• TASK INSTRUCTIONS:
Please repeat the lines below exactly. Begin with the line containing "Kancheepuram Silk Yellow" and go on through the line containing "CASCO APOLO NEGRO-ROSA".

• GIVEN ENTRIES:

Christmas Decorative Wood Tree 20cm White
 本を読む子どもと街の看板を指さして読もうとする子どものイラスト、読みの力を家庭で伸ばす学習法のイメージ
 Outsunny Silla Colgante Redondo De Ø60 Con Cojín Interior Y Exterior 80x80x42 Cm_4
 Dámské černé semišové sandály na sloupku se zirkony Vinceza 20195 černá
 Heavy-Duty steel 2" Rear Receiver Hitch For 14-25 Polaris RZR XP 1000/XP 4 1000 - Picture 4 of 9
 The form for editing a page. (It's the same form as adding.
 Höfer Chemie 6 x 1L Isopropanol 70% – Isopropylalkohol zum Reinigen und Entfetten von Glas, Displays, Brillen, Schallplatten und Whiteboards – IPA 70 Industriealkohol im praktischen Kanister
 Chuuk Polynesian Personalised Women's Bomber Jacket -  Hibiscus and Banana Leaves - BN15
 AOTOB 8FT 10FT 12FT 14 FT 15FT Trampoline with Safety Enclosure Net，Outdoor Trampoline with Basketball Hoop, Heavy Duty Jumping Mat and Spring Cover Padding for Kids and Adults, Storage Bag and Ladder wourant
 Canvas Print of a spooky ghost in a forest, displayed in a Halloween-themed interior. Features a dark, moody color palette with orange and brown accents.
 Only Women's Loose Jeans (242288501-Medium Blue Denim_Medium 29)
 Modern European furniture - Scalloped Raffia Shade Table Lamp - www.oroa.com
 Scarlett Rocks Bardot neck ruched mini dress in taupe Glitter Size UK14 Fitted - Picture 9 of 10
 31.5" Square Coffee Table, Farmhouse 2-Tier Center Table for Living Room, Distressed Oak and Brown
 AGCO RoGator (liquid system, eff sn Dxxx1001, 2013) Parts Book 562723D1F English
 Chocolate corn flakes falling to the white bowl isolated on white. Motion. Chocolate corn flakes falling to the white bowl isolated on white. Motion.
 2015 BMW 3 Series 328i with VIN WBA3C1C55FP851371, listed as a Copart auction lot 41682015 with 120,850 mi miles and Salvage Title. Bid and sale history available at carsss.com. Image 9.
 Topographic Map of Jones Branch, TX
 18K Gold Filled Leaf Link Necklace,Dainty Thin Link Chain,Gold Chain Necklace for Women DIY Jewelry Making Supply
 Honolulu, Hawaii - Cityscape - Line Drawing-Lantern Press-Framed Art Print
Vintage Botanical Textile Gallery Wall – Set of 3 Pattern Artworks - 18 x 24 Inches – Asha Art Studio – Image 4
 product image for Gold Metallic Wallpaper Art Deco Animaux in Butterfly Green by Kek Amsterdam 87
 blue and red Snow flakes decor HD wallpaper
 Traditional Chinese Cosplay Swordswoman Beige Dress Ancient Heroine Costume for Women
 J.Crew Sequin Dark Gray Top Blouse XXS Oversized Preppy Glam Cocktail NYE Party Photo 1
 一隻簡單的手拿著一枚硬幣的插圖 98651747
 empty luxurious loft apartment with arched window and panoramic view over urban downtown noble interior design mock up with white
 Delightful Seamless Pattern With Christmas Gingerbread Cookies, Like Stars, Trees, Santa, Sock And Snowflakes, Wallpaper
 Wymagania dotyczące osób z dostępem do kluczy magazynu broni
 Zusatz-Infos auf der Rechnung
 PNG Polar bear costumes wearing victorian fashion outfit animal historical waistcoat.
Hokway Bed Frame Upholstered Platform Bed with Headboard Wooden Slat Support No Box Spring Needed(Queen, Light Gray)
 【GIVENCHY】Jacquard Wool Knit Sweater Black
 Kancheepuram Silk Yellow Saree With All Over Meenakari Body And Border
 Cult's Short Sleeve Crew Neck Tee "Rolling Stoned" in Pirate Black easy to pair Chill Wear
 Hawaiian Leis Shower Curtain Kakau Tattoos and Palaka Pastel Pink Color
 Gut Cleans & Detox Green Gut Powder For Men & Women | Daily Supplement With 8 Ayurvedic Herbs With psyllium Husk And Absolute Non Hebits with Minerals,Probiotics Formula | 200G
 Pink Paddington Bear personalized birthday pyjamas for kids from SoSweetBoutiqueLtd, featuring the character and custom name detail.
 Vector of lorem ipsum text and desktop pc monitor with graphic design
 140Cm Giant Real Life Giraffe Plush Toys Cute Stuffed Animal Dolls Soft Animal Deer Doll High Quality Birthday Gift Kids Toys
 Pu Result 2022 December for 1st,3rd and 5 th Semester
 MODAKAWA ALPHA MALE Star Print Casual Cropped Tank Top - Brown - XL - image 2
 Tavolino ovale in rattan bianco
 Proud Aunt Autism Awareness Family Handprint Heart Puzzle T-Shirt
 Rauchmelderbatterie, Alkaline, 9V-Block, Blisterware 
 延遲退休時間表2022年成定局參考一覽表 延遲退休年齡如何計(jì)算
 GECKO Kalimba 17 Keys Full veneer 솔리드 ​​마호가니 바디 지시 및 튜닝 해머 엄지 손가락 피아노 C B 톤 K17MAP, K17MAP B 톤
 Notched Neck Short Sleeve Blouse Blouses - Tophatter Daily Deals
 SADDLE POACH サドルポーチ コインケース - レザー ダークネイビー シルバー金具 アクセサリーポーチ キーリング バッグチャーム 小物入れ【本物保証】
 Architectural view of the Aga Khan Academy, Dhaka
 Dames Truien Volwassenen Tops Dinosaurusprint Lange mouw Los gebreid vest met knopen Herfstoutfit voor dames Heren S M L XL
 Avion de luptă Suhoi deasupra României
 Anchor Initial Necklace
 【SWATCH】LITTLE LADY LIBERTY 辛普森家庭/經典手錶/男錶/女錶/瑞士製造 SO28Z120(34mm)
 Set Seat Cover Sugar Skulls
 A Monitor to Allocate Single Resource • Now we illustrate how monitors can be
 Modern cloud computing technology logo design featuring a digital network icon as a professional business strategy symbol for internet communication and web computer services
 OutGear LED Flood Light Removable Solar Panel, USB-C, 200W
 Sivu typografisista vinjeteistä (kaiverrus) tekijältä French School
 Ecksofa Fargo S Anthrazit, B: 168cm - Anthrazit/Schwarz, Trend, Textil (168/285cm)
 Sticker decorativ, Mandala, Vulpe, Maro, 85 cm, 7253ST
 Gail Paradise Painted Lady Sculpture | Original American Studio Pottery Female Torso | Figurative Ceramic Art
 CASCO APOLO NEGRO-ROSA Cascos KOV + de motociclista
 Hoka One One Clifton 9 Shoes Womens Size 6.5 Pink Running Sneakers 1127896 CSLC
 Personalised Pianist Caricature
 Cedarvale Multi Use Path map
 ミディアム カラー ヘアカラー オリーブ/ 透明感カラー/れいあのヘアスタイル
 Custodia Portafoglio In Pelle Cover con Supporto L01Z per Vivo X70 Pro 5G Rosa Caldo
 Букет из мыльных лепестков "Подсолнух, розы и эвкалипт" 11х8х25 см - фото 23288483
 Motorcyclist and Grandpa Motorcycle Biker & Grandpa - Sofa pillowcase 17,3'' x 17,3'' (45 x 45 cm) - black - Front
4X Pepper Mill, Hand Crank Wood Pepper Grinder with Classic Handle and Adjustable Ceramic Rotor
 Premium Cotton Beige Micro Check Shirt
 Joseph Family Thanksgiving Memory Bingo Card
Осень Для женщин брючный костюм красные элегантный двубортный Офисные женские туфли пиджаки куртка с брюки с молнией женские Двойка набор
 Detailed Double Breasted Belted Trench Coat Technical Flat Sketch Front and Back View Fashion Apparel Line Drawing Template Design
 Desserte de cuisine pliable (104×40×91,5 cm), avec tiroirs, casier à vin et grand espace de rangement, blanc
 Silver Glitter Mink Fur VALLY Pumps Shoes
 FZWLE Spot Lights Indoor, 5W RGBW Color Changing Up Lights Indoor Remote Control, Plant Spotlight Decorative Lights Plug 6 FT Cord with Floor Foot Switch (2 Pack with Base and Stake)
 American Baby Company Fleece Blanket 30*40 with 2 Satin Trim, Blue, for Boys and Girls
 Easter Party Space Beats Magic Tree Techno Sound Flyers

• RESPONSE BELOW:
 Kancheepuram Silk Yellow Saree With All Over Meenakari Body And Border
 Cult's Short Sleeve Crew Neck Tee "Rolling Stoned" in Pirate Black easy to pair Chill Wear
 Hawaiian Leis Shower Curtain Kakau Tattoos and Palaka Pastel Pink Color
 Gut Cleans & Detox Green Gut Powder For Men & Women | Daily Supplement With 8 Ayurvedic Herbs With psyllium Husk And Absolute Non Hebits with Minerals,Probiotics Formula | 200G
 Pink Paddington Bear personalized birthday pyjamas for kids from SoSweetBoutiqueLtd, featuring the character and custom name detail.
 Vector of lorem ipsum text and desktop pc monitor with graphic design
 140Cm Giant Real Life Giraffe Plush Toys Cute Stuffed Animal Dolls Soft Animal Deer Doll High Quality Birthday Gift Kids Toys
 Pu Result 2022 December for 1st,3rd and 5 th Semester
 MODAKAWA ALPHA MALE Star Print Casual Cropped Tank Top - Brown - XL - image 2
 Tavolino ovale in rattan bianco
 Proud Aunt Autism Awareness Family Handprint Heart Puzzle T-Shirt
 Rauchmelderbatterie, Alkaline, 9V-Block, Blisterware 
 延遲退休時間表2022年成定局參考一覽表 延遲退休年齡如何計(jì)算
 GECKO Kalimba 17 Keys Full veneer 솔리드 ​​마호가니 바디 지시 및 튜닝 해머 엄지 손가락 피아노 C B 톤 K17MAP, K17MAP B 톤
 Notched Neck Short Sleeve Blouse Blouses - Tophatter Daily Deals
 SADDLE POACH サドルポーチ コインケース - レザー ダークネイビー シルバー金具 アクセサリーポーチ キーリング バッグチャーム 小物入れ【本物保証】
 Architectural view of the Aga Khan Academy, Dhaka
 Dames Truien Volwassenen Tops Dinosaurusprint Lange mouw Los gebreid vest met knopen Herfstoutfit voor dames Heren S M L XL
 Avion de luptă Suhoi deasupra României
 Anchor Initial Necklace
 【SWATCH】LITTLE LADY LIBERTY 辛普森家庭/經典手錶/男錶/女錶/瑞士製造 SO28Z120(34mm)
 Set Seat Cover Sugar Skulls
 A Monitor to Allocate Single Resource • Now we illustrate how monitors can be
 Modern cloud computing technology logo design featuring a digital network icon as a professional business strategy symbol for internet communication and web computer services
 OutGear LED Flood Light Removable Solar Panel, USB-C, 200W
 Sivu typografisista vinjeteistä (kaiverrus) tekijältä French School
 Ecksofa Fargo S Anthrazit, B: 168cm - Anthrazit/Schwarz, Trend, Textil (168/285cm)
 Sticker decorativ, Mandala, Vulpe, Maro, 85 cm, 7253ST
 Gail Paradise Painted Lady Sculpture | Original American Studio Pottery Female Torso | Figurative Ceramic Art
 CASCO APOLO NEGRO-ROSA Cascos KOV + de motociclista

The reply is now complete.